Register assignment is the process of mapping variables in a scheduled CDFG to physical storage units (registers). Clearly when two variables are simultaneously alive in a scheduled CDFG, they cannot be mapped to the same register. The register assignment problem can easily be modeled as a Graph Coloring problem where nodes in the graph correspond to variables in the CDFG and an edge connects any two nodes (variables) that are alive at the same time. Each color in a graph coloring solution corresponds to a unique register. The NP-complete Graph Coloring decision problem [4] can formally be states as:

#### Problem: Graph Coloring

**Instance**: A graph G(V,E) with vertex set V and edge set E, number of colors k.

**Question:** Does there exist a coloring of the graph G that assigns colors to each vertex  $v \in V$  such that for any edge  $e \in E$  the vertices connected by e have different colors, and that no more than k unique colors are used?

Although graph coloring is a difficult problem, the *maximum* variable cut in a scheduled CDFG can provide a lower bound limit on the number of required colors. This is because all variables in a cut are alive by definition and thus must be mapped to separate registers and therefore separate colors. We use this lower bound on the required number of registers to build our Scheduling FLOF.

## 3.4 Transformations

Transformations can serve as powerful tools in optimizing a design for Scheduling. Some examples of transformations are associativity, distributivity, and retiming.

Retiming is a special transformation action applied to looping CDFGs (repeating) and can be accomplished by doing either of the following: (i) remove one delay element from each input of an operation and add a delay at each of its outputs; (ii) remove one delay element from each output of an operation and introduce a new delay element at each of its inputs.



Figure 3. Example of how adding functional units can reduce the variable cut (& potentially the number of registers).

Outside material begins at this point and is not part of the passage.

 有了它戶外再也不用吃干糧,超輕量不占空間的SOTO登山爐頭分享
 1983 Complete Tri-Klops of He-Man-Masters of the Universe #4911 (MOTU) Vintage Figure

A delay element is a special type of operation that "delays" the variable at its input until the next iteration of the scheduled CDFG. We discuss examples of retiming and its impact on register minimization in Section 4.2.

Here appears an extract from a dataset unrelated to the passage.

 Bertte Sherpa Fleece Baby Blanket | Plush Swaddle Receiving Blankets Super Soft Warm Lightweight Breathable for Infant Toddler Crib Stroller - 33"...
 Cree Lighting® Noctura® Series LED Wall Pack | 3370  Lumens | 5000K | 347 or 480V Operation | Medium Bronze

## 4. FORWARD-LOOKING OBJECTIVE FUNCTIONS

The term *objective function* refers to a function that quantifies the quality of a solution (or a partial solution) in an optimization problem. Objective functions essentially form the backbone of any optimization algorithm and serve as the guide in obtaining desired solutions. In a sorting problem for example, the objective function  $OF_{Sort}(\ )$  can be defined as the percentage of items that are correctly sorted in a solution instance. Thus, the objective of a sorting algorithm would be to find a solution such that the objective function  $OF_{Sort}(\ )$  is maximized.

The success of an optimization algorithm often depends heavily on carefully designed and tuned objective functions. However, modern layered optimization flows, that are necessary to approach and solve complex problems, often hinder or severely limit the usefulness of objective functions. Layering complex problems into logical steps serves as a tool to abstract away details that can make a problem very difficult to approach otherwise. Although each individual level may work well separately, final results may not be as good as possible due to the interaction between the levels. This is mostly due to the fact that the effects of actions in one layer will impact subsequent layers. For example, in system-on-chip design, optimizing the high-level communication among different modules may have adverse effects that will not be apparent until the floorplanning or place-&-route stages when new constraints (such as physical placement and mapping) take effect.

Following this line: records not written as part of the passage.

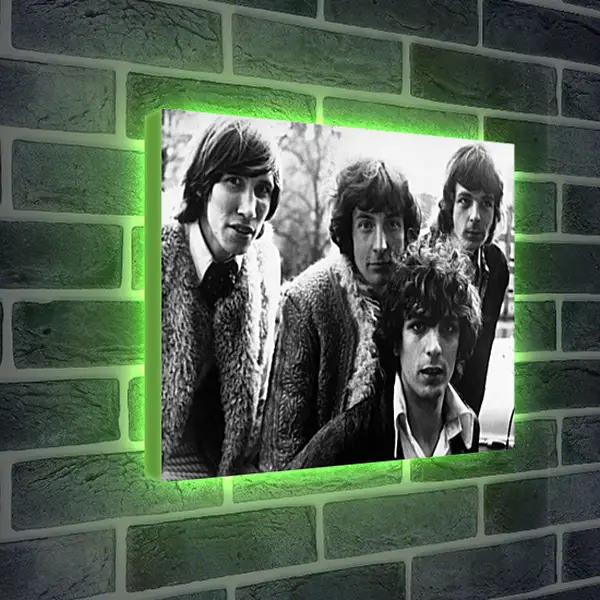 Лайтбокс световая панель - Пинк Флойд. Pink Floyd Лайтбокс световая панель - Пинк Флойд. Pink Floyd
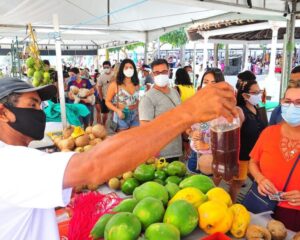 Após retorno, Feirinha São Luís aquece economia da cidade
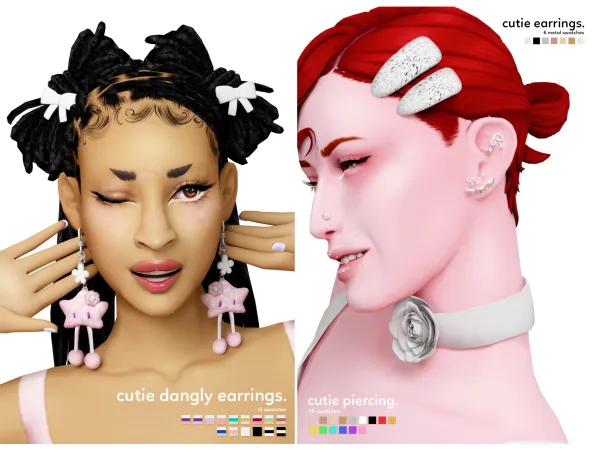 Maxis Match cutie set by nsves - The Sims 4 Custom Content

Here, we propose *forward-looking objective functions* (FLOF) as a generic means to overcome the restrictions imposed by layered optimization flows. To build a successful FLOF, one must carefully analyze the problem specific components in each step that may impact future steps, formulate quantitative expressions, and establish a method for combining the components into the final objective function format. Hence, the outline for designing an FLOF is:

- Identify problem specific components and their effect on future steps (interaction between layers);
- 2) Quantify the components;
- 3) Combine components into a final objective function with appropriate normalization.

We demonstrate this process in detail in the following subsections to design a Scheduling FLOF with the goal of minimizing the required number of registers subject to the traditional scheduling constraints (total number of available functional units and control steps).

# 4.1 Scheduling

As stated above, the key factor in formulating an objective function in one level that will be successful in achieving good quality results in the overall flow is by the inclusion of properties and insights that can predict the impact of decisions from one optimization level onto future optimization levels. In order to make this clear, here we detail the steps required to build a FLOF for our example problem, namely Scheduling and its impact on Register Assignment in high-level synthesis.

In order to build the Scheduling FLOF, we must first itemize the ways in which specific schedules will potentially impact the register assignment process. As discussed in Section 3, register assignment is a hard optimization problem so we do not expect to be able to predict exact outcomes. Our goal here is to combine careful analysis and problem specific insights to formulate our objective function such that we favor scheduling solutions that are promising in terms of their expected required number of registers.

Consider the three scheduling instances in Figure 2. The shaded circles represent an arbitrary operation that consumes two inputs and produces one output. Suppose that the bold horizontal line is where the maximum variable cut lies. Let us assume that the location of the maximum cut does not change as we explore the different options (i.e. we assume that the maximum cut does not move). We use the term "move" to signify a scheduling option. The term "move" can mean re-scheduling as in iterative improvement-type algorithms or simply the decision process of where to schedule an operation in a constructive algorithm.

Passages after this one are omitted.